# Nielsen & Chuang Exercise 2.32: Show that the tensor product of two projectors is a projector

$$\newcommand{\bra}{\left<#1\right|} \newcommand{\ket}{\left|#1\right>}$$Here is what I tried:

Given that we have two projectors: $$A = \sum_i \ket{i} \bra{i}, \hspace{2em} B = \sum_j \ket{j} \bra{j}$$ The goal is to prove that: $$A \otimes B = \sum_k \ket{k} \bra{k}. \tag1\label1$$ Plugging into \eqref{1}, we get: $$A \otimes B = \left( \sum_i \ket{i} \bra{i} \right) \otimes \left( \sum_j \ket{j} \bra{j} \right) = \sum_{i,j} \ket{i} \bra{i} \otimes \ket{j} \bra{j} \tag{2}\label{2}$$ I'm not sure how to proceed from \eqref{2}. It would be convenient if for every $$\ket{i}$$ and $$\ket{j}$$ there is a $$\ket{k}$$ for which the following identity is true: $$\ket{k} \bra{k} = \ket{i} \bra{i} \otimes \ket{j} \bra{j} \tag{3}\label{3}$$ This would prove \eqref{1} immediately. Is \eqref{3} true though? If yes, why? If not, how else can we proceed to prove \eqref{1}?

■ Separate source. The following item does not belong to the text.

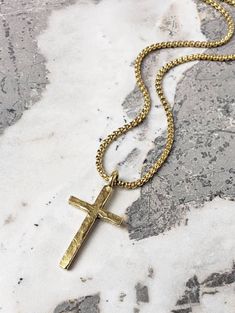 "《《  PENDANT COLLECTION  》》 THE DETAILS The \"RUSTIC GOLD CROSS\" Necklace is designed with an exquisitely detailed Hammered Gold Stainless Steel Cross Pendant, with a cool rustic vibe, hung from a Gold Stainless Steel Box Chain available in your choice of length! 💠🔷️💠View the entire PENDANT COLLECTION here: https://www.etsy.com/shop/MrMacKJewelry?ref=ss_profileFref§ion_id=30638859 MATERIALS * 1 1/4\" × 1/2\" Hammered Gold Stainless Steel Rustic Cross Pendant  * 3mm Gold Stainless Steel Box C Mens Cross Pendant, Gold Adjustable Chain Jewelry For Father's Day, Father's Day Gold Jewelry With Adjustable Chain, Classic Gold Necklaces For Father's Day, Minimalist Gold Jewelry For Father's Day, Gold Cross Necklace For Father's Day, Gold Cross Necklace Men, Cross Pendant Necklace Men, Men Pendant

• it's just a redefinition. More precisely you should write $|k\rangle=|i,j\rangle$. The only identity you are using is $|i\rangle\!\langle i|\otimes\lvert j\rangle\!\langle j\rvert=\lvert i,j\rangle\!\langle i,j\rvert$
– glS
Aug 28 '20 at 22:35
• Thanks, that answers my question. I tried proving $|i\rangle\!\langle i|\otimes\lvert j\rangle\!\langle j\rvert=\lvert i,j\rangle\!\langle i,j\rvert$ and managed to convince myself of its truth by expanding the terms into matrices/vectors and see what gets multiplied by what, but I'm wondering if there's a "nicer" way to do this. I tried looking at the definitions in Nielsen & Chuang (10th edition) page 73 but couldn't find anything useful, which is weird because the book usually introduces the necessary identities prior to the exercises. Aug 29 '20 at 3:20

I wouldn't approach the problem the way that you have. Instead, I'd take the definition of what it means to be a projector: $$P$$ is a projector if and only if $$P^2=P$$ and $$P=P^\dagger$$.
So, let's take $$P=P_A\otimes P_B.$$ We can calculate $$P^\dagger=P_A^\dagger\otimes P_B^\dagger=P_A\otimes P_B=P$$, which follows from the assumption that $$P_A$$ and $$P_B$$ are projectors.
Similarly, $$P^2=P_A^2\otimes P_B^2=P_A\otimes P_B=P.$$ You're done!